Exclusion from Certain Employee Benefits
A profits interest holder’s self-employed status extends to the company’s health and welfare benefit plans. First and foremost, you will want to consult with an employee benefits expert to determine if the company’s plans can and do apply at all to the company’s equity owners. Even if they do, self-employed individuals are not eligible for certain tax-advantaged benefits, such as parking and transit subsidies and health care flexible spending accounts, but they remain eligible for others, such as educational and dependent care assistance.
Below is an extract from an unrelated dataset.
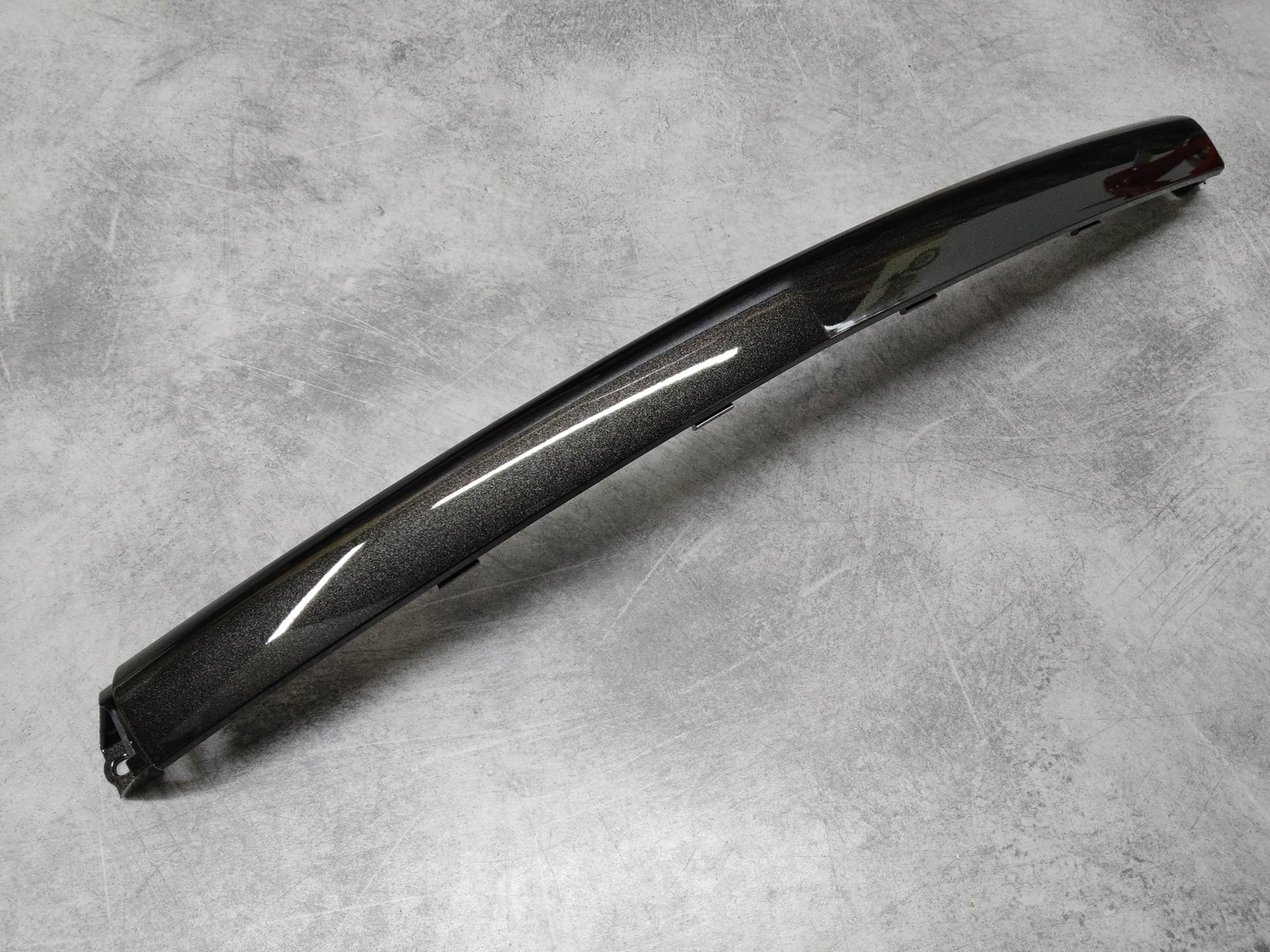 Garniture coffre Honda 81163-MCA-000ZY Goldwing GL1800 2007 NHA73M argent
Most consequential for the majority of workers is the question of employer-subsidized health insurance. Normally, an employer’s contributions to an employee’s health insurance premiums are not taxable income to the employee. This doesn’t apply to the self-employed, and the profits interest holder would be taxed on the company’s health insurance subsidy. The profits interest holder may, however, be able to deduct all of his or her health insurance premiums under certain conditions, the most important of which is the individual is not otherwise eligible for employer-subsidized health insurance through another job or family member. This health insurance deduction for the self-employed may be just as good or even better than an employer subsidy, but the individual-specific eligibility standards make this difficult to plan for among large groups of workers.
As you can see, the prospect of adapting to estimated and self-employment taxes, and changes to health insurance and other benefit plans, may be daunting to a rank-and-file employee receiving a small percentage interest in an LLC or other tax partnership. The practical “work-arounds” seek to prevent an individual from being both a partner and an employee of the same entity. These include inserting an S corporation holding company to hold the profits interest, allowing the individual to remain an employee while the S corporation (and not the individual) is the partner. Generally, the more employees are involved, the more difficult it is to implement these types of work-arounds.
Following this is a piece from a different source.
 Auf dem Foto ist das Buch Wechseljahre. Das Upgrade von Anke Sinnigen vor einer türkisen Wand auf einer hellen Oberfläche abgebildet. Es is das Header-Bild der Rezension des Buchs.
The alternative is to avoid the workers becoming partners at all by issuing them options or phantom equity instead of “real” equity. The employees will realize ordinary income upon exercise or payment, but the company’s owners will receive an equivalent deduction for compensation-paid. If the owners are in a higher tax bracket than the employees (and can utilize the deduction), options or phantom equity can be very tax-efficient, and the company could consider making the employees whole by issuing additional options, phantom equity, or simply cash bonuses.
Profits interests are great; they represent one of the biggest tax advantages of partnerships. Absent a customized work-around, however, profits interests will render the holder “self-employed,” and that comes with significant tax complexity. As a rule of thumb, think twice about issuing profits interests to employees who have not previously been self-employed or who don’t have their own sophisticated tax advisors. Sometimes the game isn’t worth the candle.